--- Given data ---
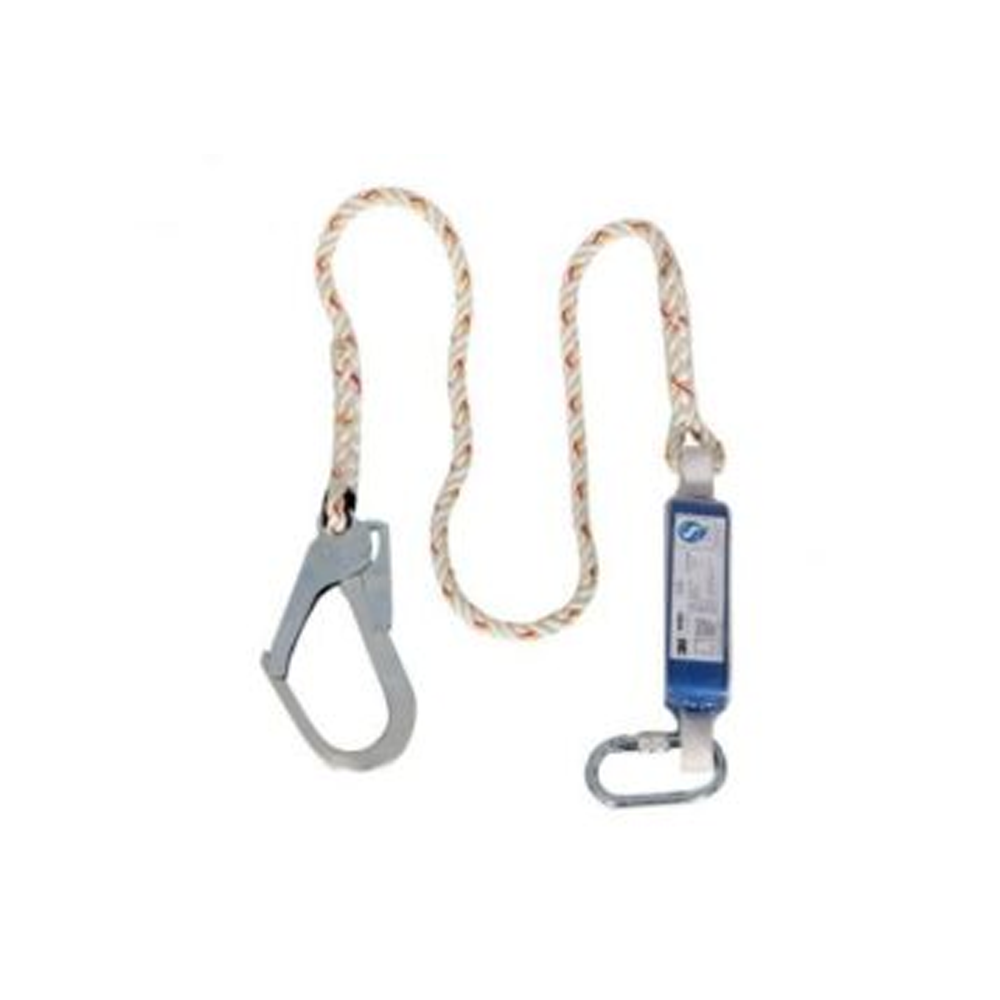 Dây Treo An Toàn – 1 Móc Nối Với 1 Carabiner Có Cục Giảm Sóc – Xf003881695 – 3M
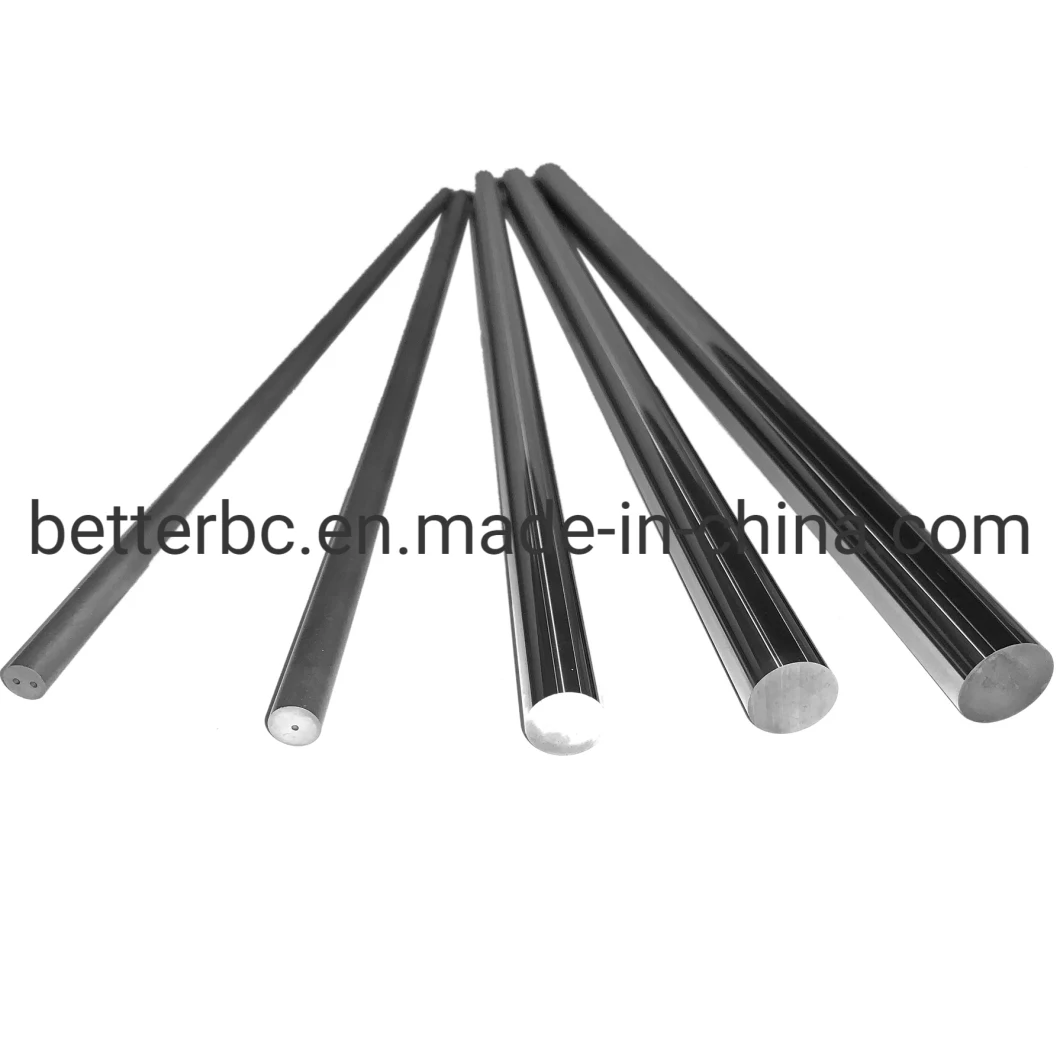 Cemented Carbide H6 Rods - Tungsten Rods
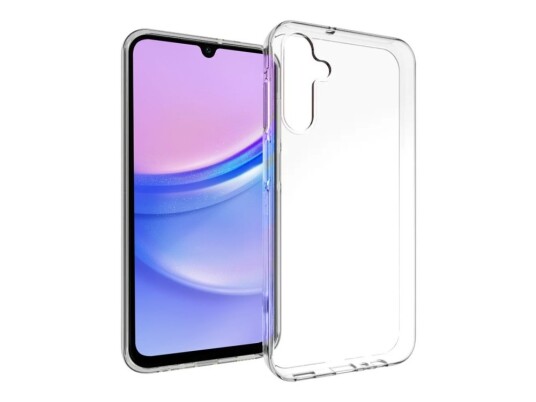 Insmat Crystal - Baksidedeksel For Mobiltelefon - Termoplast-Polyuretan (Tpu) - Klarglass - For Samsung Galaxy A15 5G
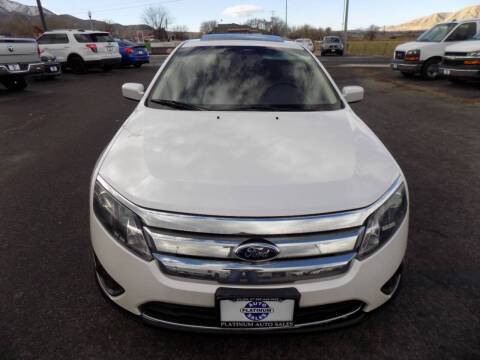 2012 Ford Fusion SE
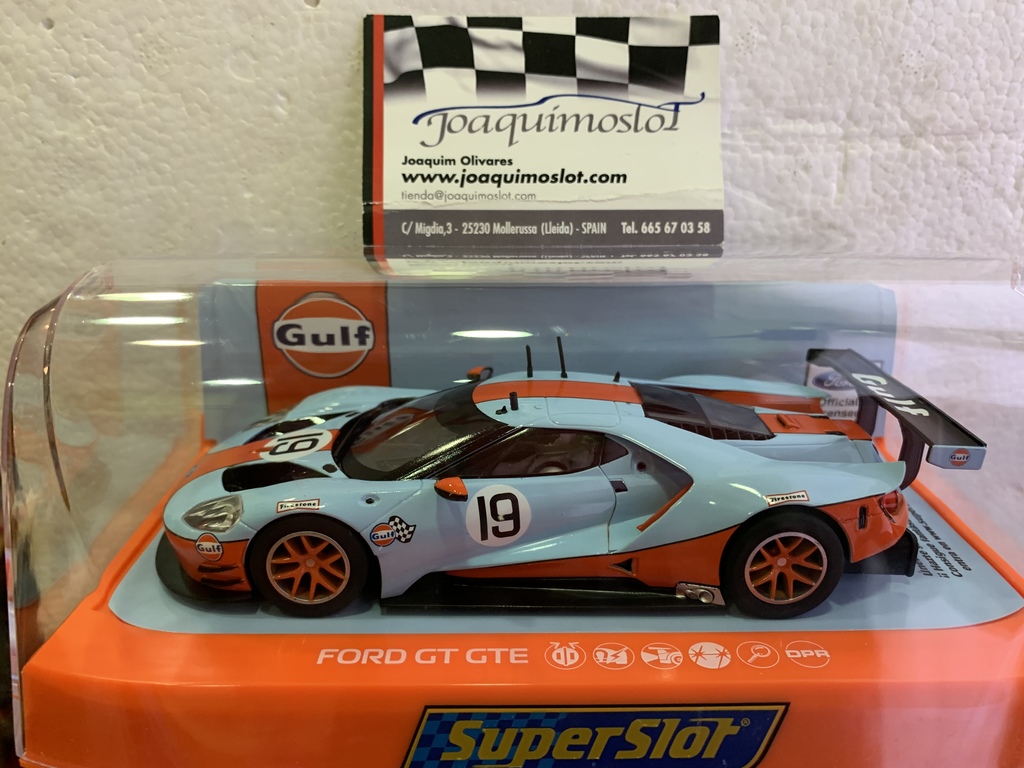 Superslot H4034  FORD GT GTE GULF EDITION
---
* Work order *
From the line containing "2012 Ford Fusion SE" through the last line of the entries, both included, print each line exactly and omit any picture.

* Answer space *
 2012 Ford Fusion SE
 Superslot H4034  FORD GT GTE GULF EDITION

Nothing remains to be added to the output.